No. I don't get it. It's sounds like fast food snacking to me. It sounds trivial. I'm just old fashioned I guess. I doubt I could even have a functioning physical relationship with a woman I don't really care about.


----------



## Grayson (Oct 28, 2010)

irish cple said:


> My wife has cheated on me before and i used to think this myself about her being with another guy but the more i thought about watching her having sex with another bloke then it really got me turned on like never before, im not afraid to say that i nearly came when i was thinking about me watching her with a guy who is VWE and giving her the best sex shes ever got, i have never experienced a fantasey like it and then it opened up thoughts that i'd thought never in a million years would i be thinking them.

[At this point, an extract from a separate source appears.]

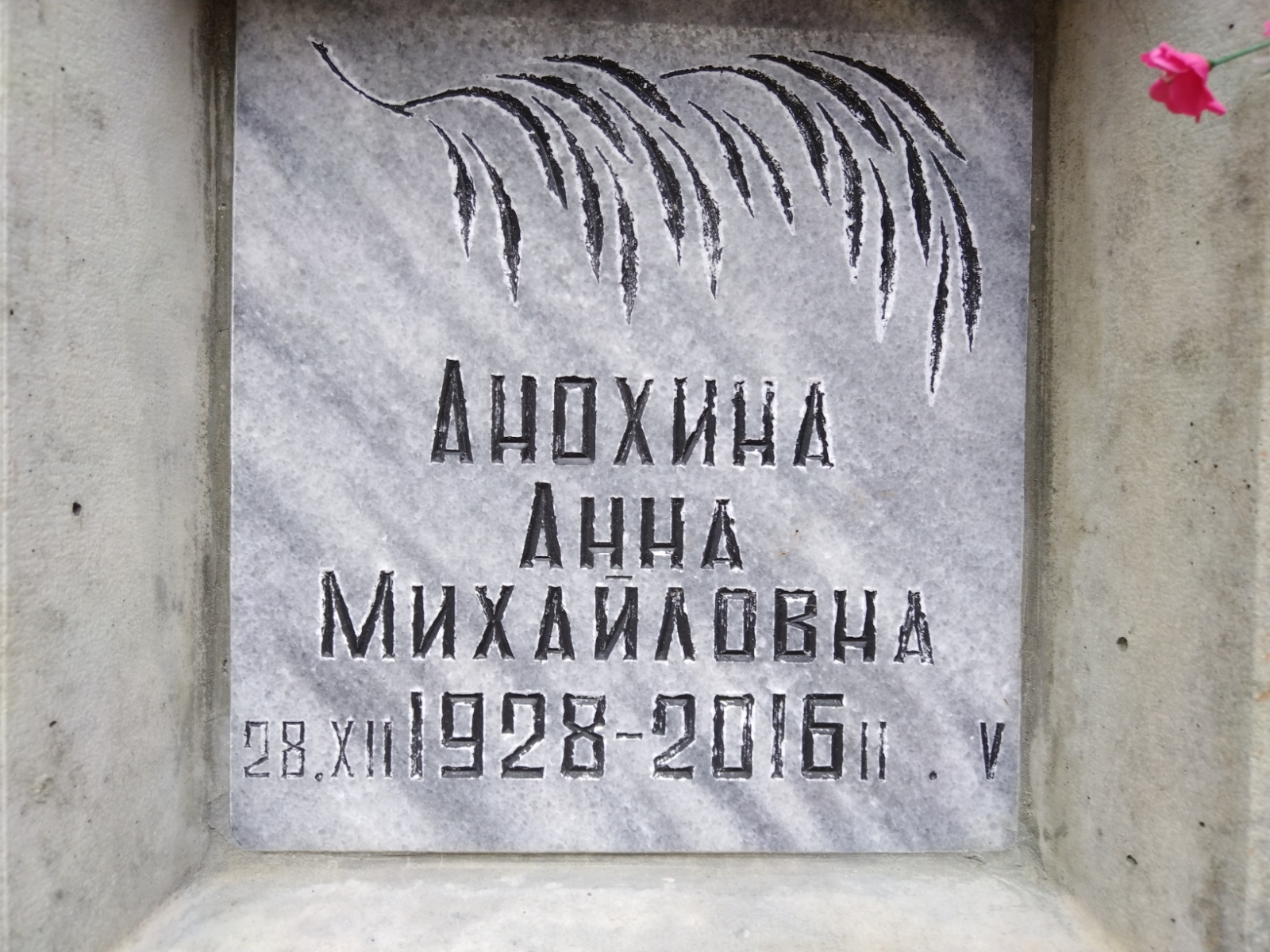 Анохина Анна Михайловна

Some people can enjoy the reality, some just the fantasy, and some of us...neither. As a couple of us have said here in the thread, if you both choose to go forward with it, be sure you're doing so with open eyes. It might be something you enjoy...or it might end up being that the fantasy was much more pleasing than the reality.

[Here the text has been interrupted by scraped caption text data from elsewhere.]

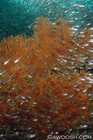Sea Fan & Baitfish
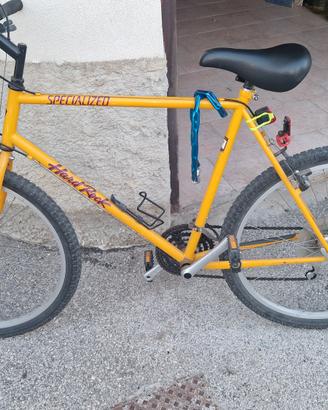 bicicletta 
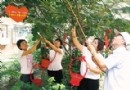 天津居民自家种植150余株无花果树 采摘义卖
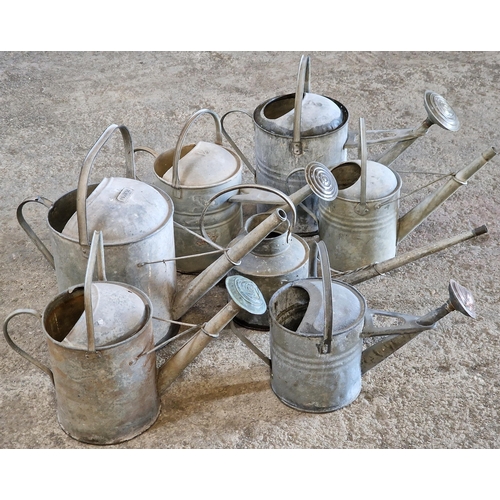 1109 - Collection of seven vintage galvanised watering cans (7)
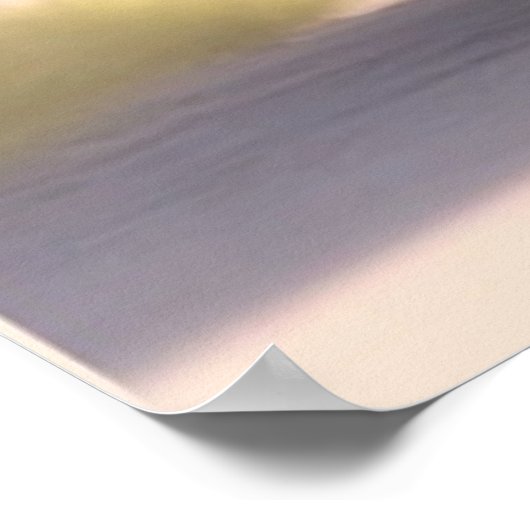 Kat pluizige staarten poster (Hoek)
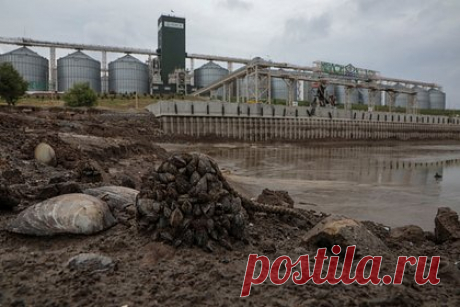 Врач оценил вероятность вспышки холеры после разрушения Каховской ГЭС. Иммунолог Николай Крючков заявил, что риск вспышки холеры после разрушения Каховской ГЭС в Николаевской области является крайне высоким. Препятствовать этому можно только с помощью завоза питьевой воды, антибиотиков, вакцин, средств гигиены и других мер, но для этого необходима налаженная логистика.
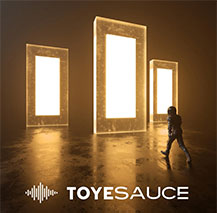 Toyesauce - Toyesauce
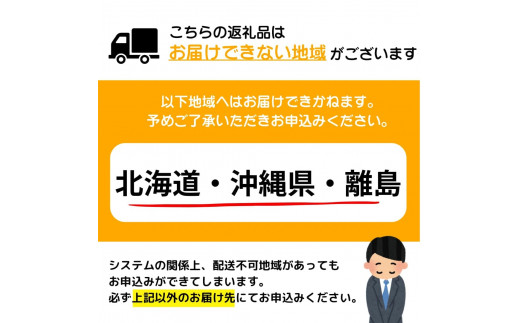 【令和7年3月配送】2〜3人前 国産牛モツ入りの絶品塩もつ鍋（300g）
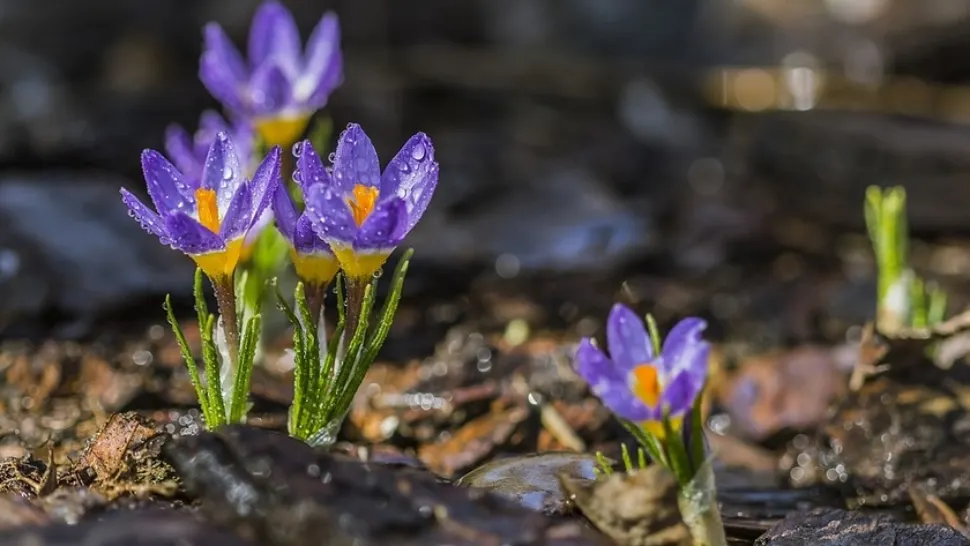 Prognoza meteo pe două săptămâni - zonele lovite puternic de ploi. Unde va fi soare de 1 MAI
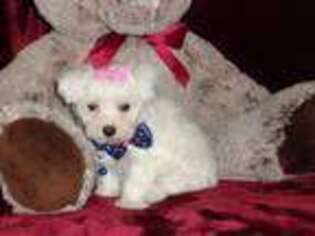 Mal-Shi Puppy for sale in Polk City, FL, USA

A couple that my wife has known since high school had (what I believe was) their first threesome several weeks ago, and they loved it. For myself, I know my personal boundaries and issues, so I know I don't want to see or even think about my wife with another man.
_Posted via Mobile Device_


----------



## Mom6547 (Jul 13, 2010)

irish cple said:


> My wife has cheated on me before


This is sending loud alarms off in my head. Swinging requires EXTREME trust. I cannot see how you can trust her to be a person of character in swinging if you could not trust her to be faithful. Tread more than carefully here.


----------



## Mom6547 (Jul 13, 2010)

Runs like Dog said:


> No. I don't get it. It's sounds like fast food snacking to me.

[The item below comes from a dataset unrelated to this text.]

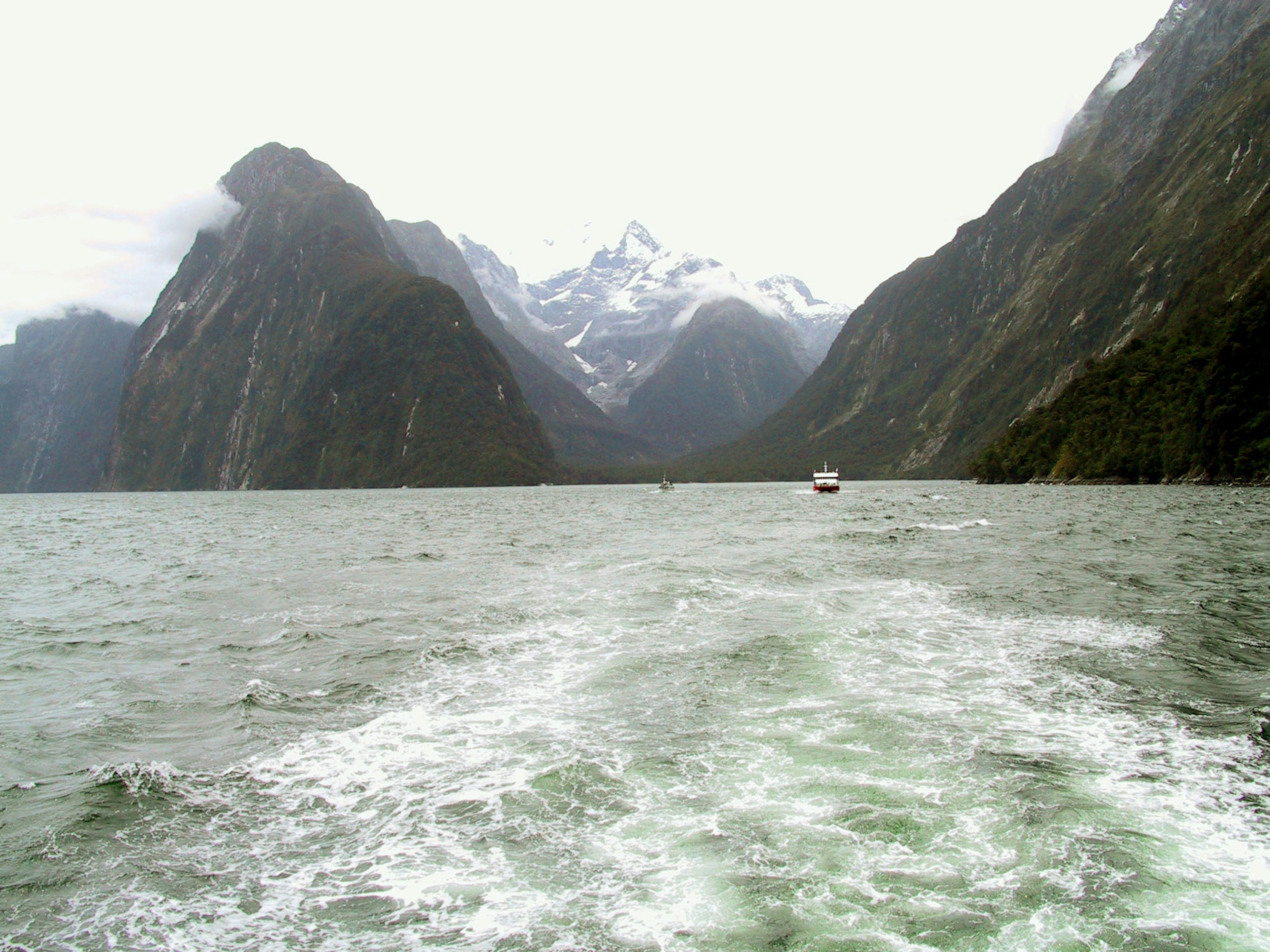 View from a boat in Milford Sound featuring mountains and snow with calm waters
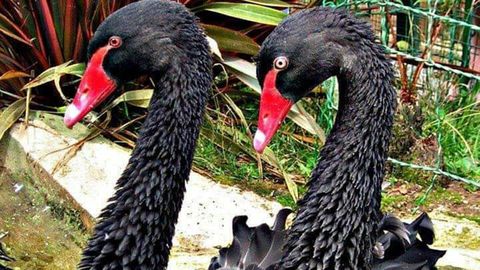 Dos cisnes negros del zool�gico El Bosque de Oviedo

So you don't understand it. You could be given insight into another point of view, but you don't want to? You want to maintain ignorance? I don't understand that. Certainly is your right. But I will never understand it.


----------



## irish cple (May 23, 2011)

Mom6547 said:


> I felt nervous, excited. We went quite slowly. He was VERY careful to make sure I felt safe.
> 
> 
> Did you enjoy it thou and did it make you want more of it. Can i also ask why you got into the swinging lifestyle
> ...


----------



## irish cple (May 23, 2011)

Mom6547 said:


> This is sending loud alarms off in my head. Swinging requires EXTREME trust. I cannot see how you can trust her to be a person of character in swinging if you could not trust her to be faithful. Tread more than carefully here.



I havent been that faithfull myself thou, you see we got together when we were young 16 and 18 and cheated before it got really serious. We have got over the cheating so its not an issue at all concerning the swinging.


----------



## Mom6547 (Jul 13, 2010)

irish cple said:


> Did you enjoy it thou and did it make you want more of it. Can i also ask why you got into the swinging lifestyle


I don't remember the exact progression of feelings / decisions. We both had the nagging back of the mind thought that I was bi. I did not want to admit it. I was very scared and prissy when we first got married. Over the years, his trustworthiness allowed me to speak very openly to him and open up sexually.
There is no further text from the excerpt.